Opinion
Civil Action 21-cv-05059
03-04-2022
MEMORANDUM OPINION
CHAD F. KENNEY, JUDGE.
Pursuant to Federal Rule of Civil Procedure 15(a) “a party may amend its pleading only with the opposing party's written consent or the court's leave.” Fed.R.Civ.P. 15(a). Rule 15(a) also states that “[t]he court should freely give leave when justice so requires.” Id. Nevertheless, “the policy favoring liberal amendments is not ‘unbounded'” Synthes, Inc. v. Marotta, 281 F.R.D. 217, 224 (E.D. Pa. 2012) (citing Dole v. Arco Chem. Co., 921 F.2d 484, 487 (3d Cir.1990). District courts have discretion whether to grant or deny a motion for leave to amend a complaint, and a district court may deny leave to amend a complaint where ‘it is apparent from the record that (1) the moving party has demonstrated undue delay, bad faith or dilatory motives, (2) the amendment would be futile, or (3) the amendment would prejudice the other party.'” Lake v. Arnold, 232 F.3d 360, 373 (3d Cir.2000) (citing Foman v. Davis, 371 U.S. 178, 182 (1962)). Specifically, and relevant to the facts present here, “[f]utility can…serve as a reason to deny a motion for leave to amend a complaint… [and] [i]n this context, futility means that the complaint, as amended, would fail to state a claim upon which relief could be granted.” Shane v.
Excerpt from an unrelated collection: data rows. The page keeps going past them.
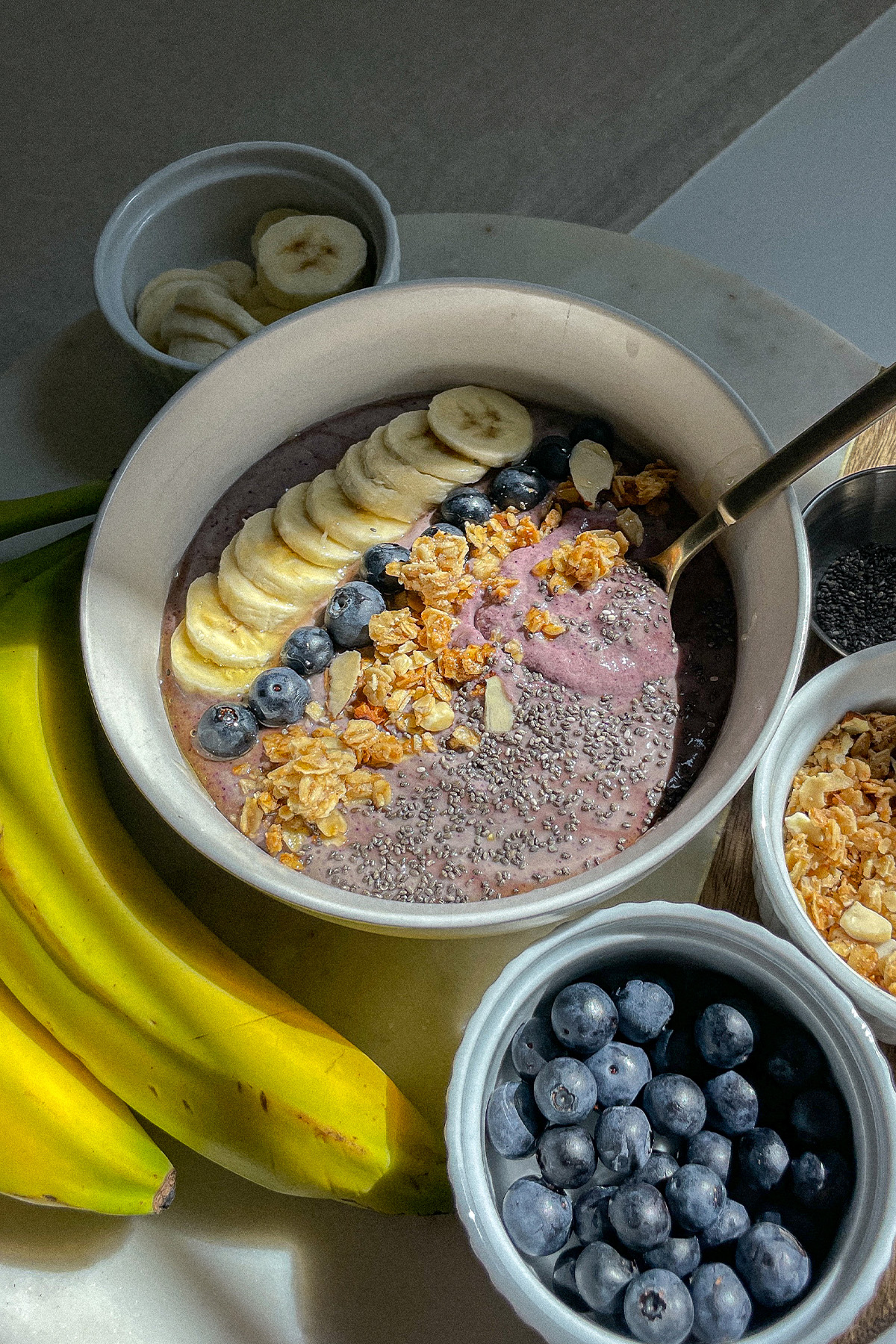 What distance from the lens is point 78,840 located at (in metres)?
1.11

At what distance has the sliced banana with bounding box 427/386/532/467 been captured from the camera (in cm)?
132

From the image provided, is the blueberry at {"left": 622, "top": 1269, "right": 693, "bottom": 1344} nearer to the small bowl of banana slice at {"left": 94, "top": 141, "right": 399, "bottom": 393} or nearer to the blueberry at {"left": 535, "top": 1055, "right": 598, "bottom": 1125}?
the blueberry at {"left": 535, "top": 1055, "right": 598, "bottom": 1125}

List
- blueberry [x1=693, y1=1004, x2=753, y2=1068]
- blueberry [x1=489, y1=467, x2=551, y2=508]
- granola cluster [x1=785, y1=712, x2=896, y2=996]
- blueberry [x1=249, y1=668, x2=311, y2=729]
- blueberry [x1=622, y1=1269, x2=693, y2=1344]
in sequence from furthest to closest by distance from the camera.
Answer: blueberry [x1=489, y1=467, x2=551, y2=508], blueberry [x1=249, y1=668, x2=311, y2=729], granola cluster [x1=785, y1=712, x2=896, y2=996], blueberry [x1=693, y1=1004, x2=753, y2=1068], blueberry [x1=622, y1=1269, x2=693, y2=1344]

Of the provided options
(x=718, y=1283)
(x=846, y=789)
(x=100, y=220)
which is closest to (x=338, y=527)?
(x=846, y=789)

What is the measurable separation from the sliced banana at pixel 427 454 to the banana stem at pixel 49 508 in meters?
0.34

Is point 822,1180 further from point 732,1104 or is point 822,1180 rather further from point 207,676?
point 207,676

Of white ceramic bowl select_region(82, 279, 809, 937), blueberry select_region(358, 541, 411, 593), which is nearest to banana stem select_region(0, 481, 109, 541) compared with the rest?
white ceramic bowl select_region(82, 279, 809, 937)

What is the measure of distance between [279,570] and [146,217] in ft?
1.95

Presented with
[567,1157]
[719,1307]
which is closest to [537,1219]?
[567,1157]

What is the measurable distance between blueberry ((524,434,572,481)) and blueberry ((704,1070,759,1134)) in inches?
27.1

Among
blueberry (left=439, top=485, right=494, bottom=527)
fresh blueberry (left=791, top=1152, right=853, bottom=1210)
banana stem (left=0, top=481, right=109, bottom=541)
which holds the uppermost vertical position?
blueberry (left=439, top=485, right=494, bottom=527)

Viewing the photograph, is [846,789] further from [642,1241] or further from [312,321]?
[312,321]

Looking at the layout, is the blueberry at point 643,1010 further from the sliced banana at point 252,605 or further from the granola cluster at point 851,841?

Fauver, 313 F.3d 113, 115 (3d Cir.2000) (internal citations omitted).
This matter arises out of a motor vehicle accidented in which Plaintiff James Robinson was allegedly rear-ended by an uninsured tortfeasor. ECF No. 16 ¶ 1. Plaintiff Robinson brings this suit against Defendant GEICO General Insurance Company seeking recovery of uninsured motorists benefits pursuant to Plaintiff's insurance policy. Id. ¶2; Id. Exhibit A. At the Intiial Pre-Trial Conference (“Rule 16”) held before this Court on February 17, 2022, the parties represented that a $50,000 demand (in line with the relevant insurance policy's maximum) was submitted to Defendant by Plaintiff and that, subsequently, Plaintiff had made an $8,000 settlement offer. ECF No. 14 at 5:13, 8:1-2.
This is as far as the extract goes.